Graduate earnings are in line with similar institutions.
What graduates earn 10 years after enrollment.
Annual salary at 10 years
Lower quartile earnings
Upper quartile earnings
How graduate earnings grow in the decade after enrollment.
Texas Tech graduates demonstrate steady earnings growth from early to mid-career, with median earnings increasing from $52,588 six years after enrollment to $57,570 at eight years and $62,454 at ten years. This represents 18.8% growth between the six-year and ten-year marks, indicating consistent career advancement.
How outcomes compare to similar institutions.
Graduate earnings align with peer institutions — outcomes are in line with similar schools.
Financial justification for the investment.
Healthy debt burden. Most graduates can manage $21,500 in debt with typical earnings.
Median student debt of $21,500 places Texas Tech slightly above the peer median of $20,000, resulting in $1,500 higher borrowing than similar institutions. Debt ranges from $7,000 at the 25th percentile to $26,000 at the 75th percentile, indicating significant variation in borrowing patterns among graduates.
Texas Tech's return index ranks at the 76.6th percentile nationally, reflecting well above average performance in translating educational investment into career outcomes. Graduates earn $198 beyond expectations compared to students with similar backgrounds at other institutions, placing Texas Tech in the 56.9th percentile for earnings uplift.
Approximately 25.3% of Texas Tech graduates continue to graduate or professional study, with high confidence in this estimate based on program mix ana...
Program mix explains much of the earnings story.
Artificial Intelligence leads earnings outcomes at $91,795, followed by Banking and Financial Support Services at $83,160 and Mechanical Engineering at $81,351. These high-earning programs contrast with liberal arts fields like Psychology ($42,334) and Biology ($43,555), reflecting typical labor market patterns across disciplines.
The program diversity supports different career paths, from immediate high-earning technical roles to preparation for graduate study.

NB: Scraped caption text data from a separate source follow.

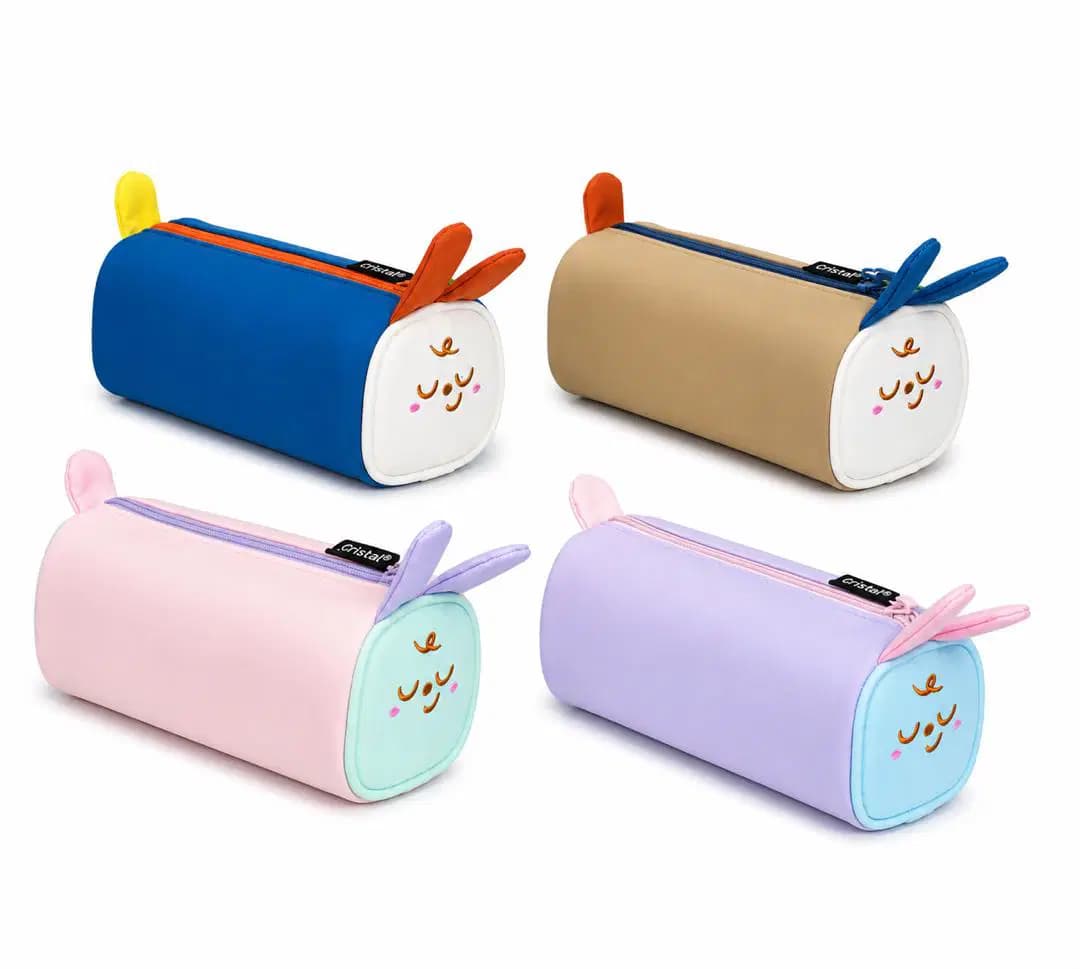 Trousse Cristal Scolaire Coul Ass CR-11033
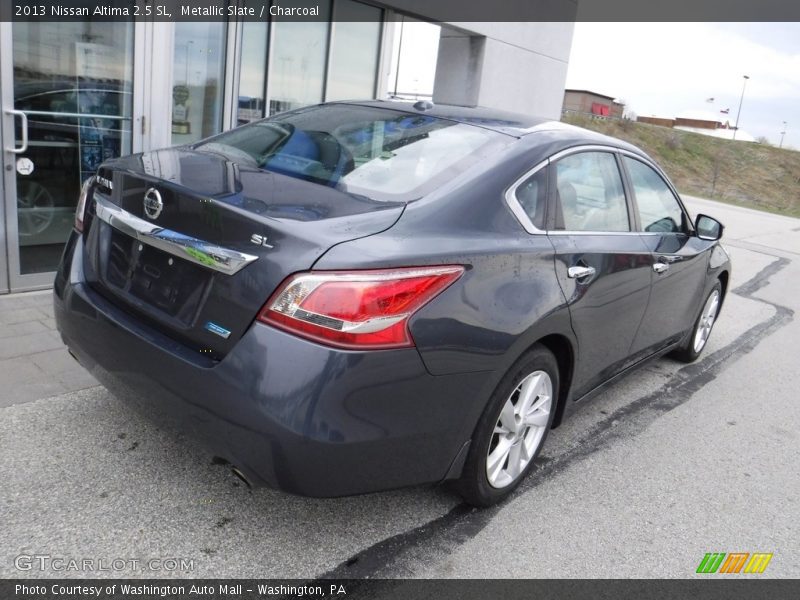 Metallic Slate / Charcoal 2013 Nissan Altima 2.5 SL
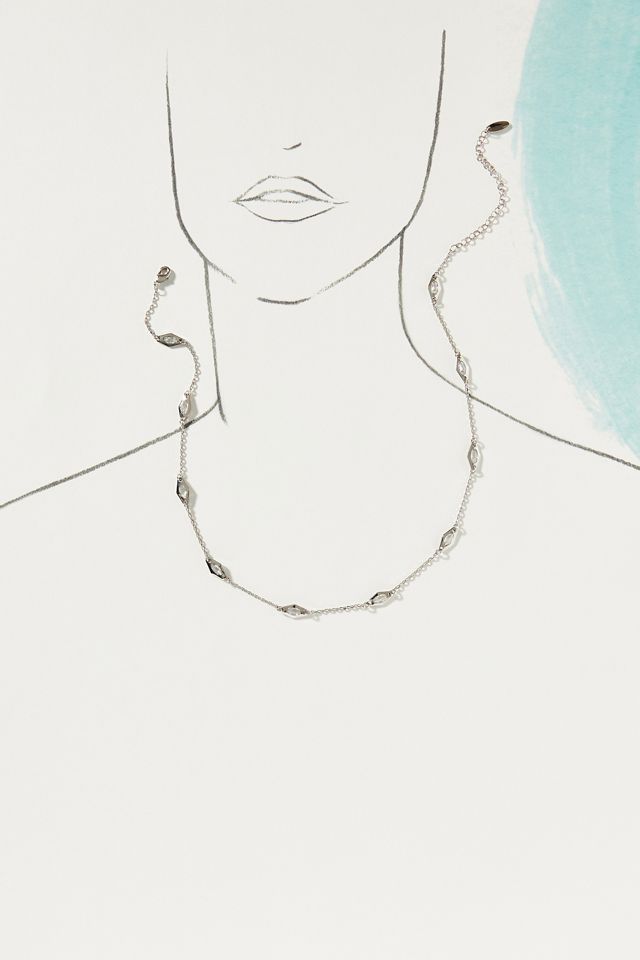 Marquis Sparkle Necklace #2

Family and Consumer Sciences demonstrates exceptional value performance despite moderate earnings, ranking #2 nationally with strong debt-to-earnings ratios.

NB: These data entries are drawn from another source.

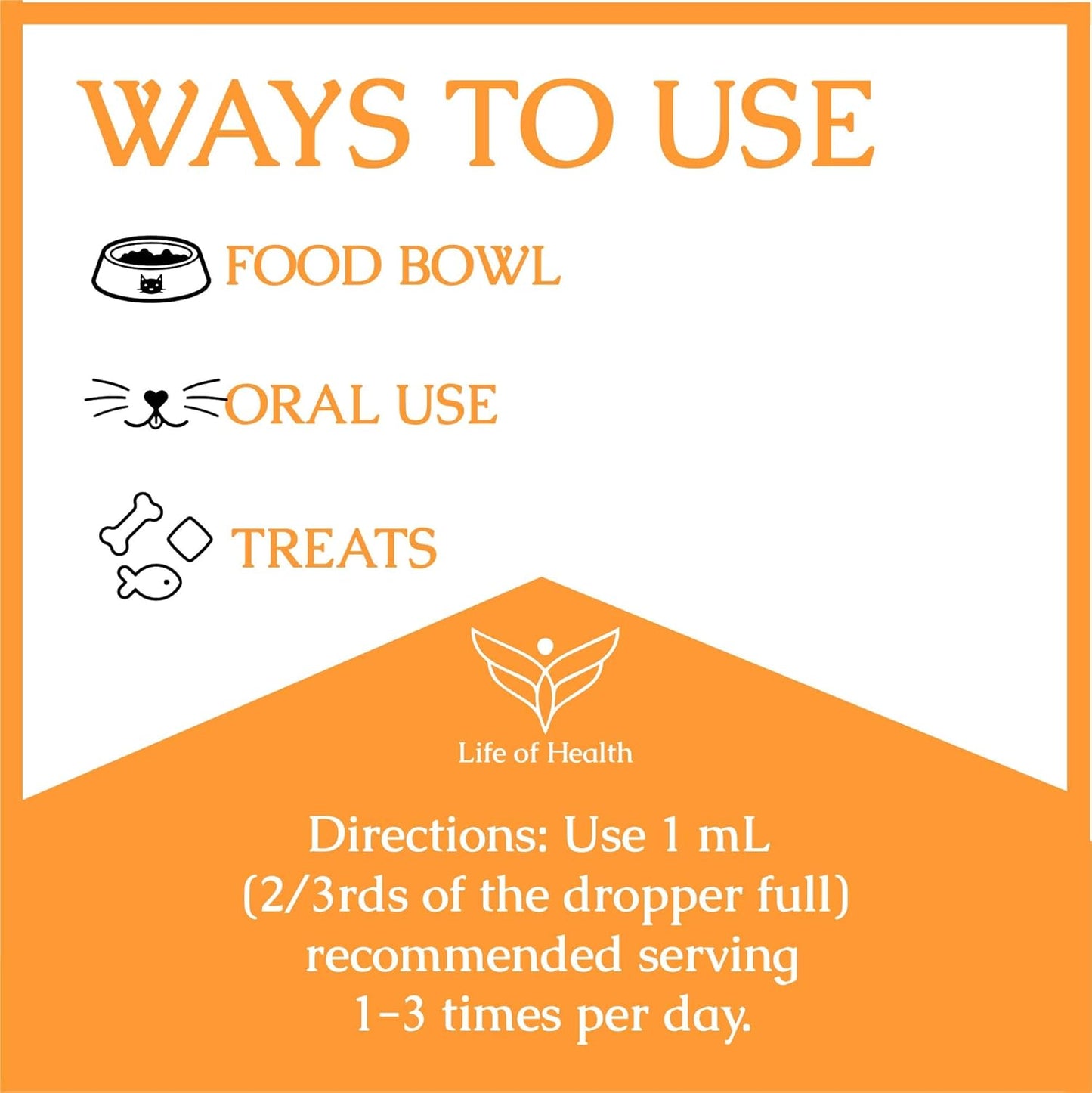 Natural Antibiotics for Cats - Immune Support & UTI Relief - Pet Multivitamin Supplement (2 Pack)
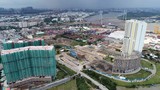 Dự án lớn nhất khu nam Sài Gòn ngừng thi công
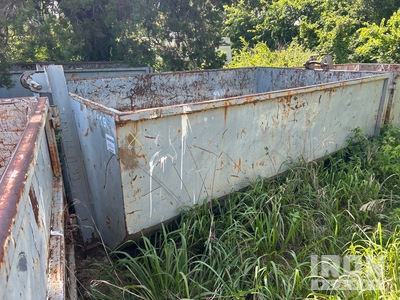 13 ft 10 cyd Roll-Off Container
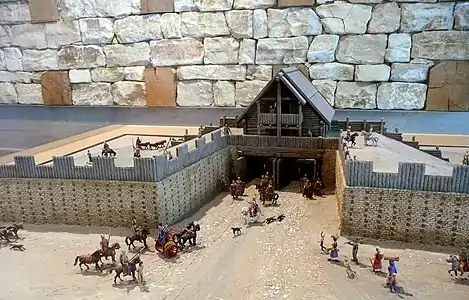 Image illustrative de l’article Oppidum de Manching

See which programs drive the strongest earnings and career trajectories
Earnings outcomes show meaningful variation, with the gap between the 25th percentile ($41,009) and 75th percentile ($91,778) representing a 2.2:1 ratio that reflects differences in program choice and career paths. Low-income graduates earn $60,200, demonstrating strong mobility potential for students from lower-income backgrounds.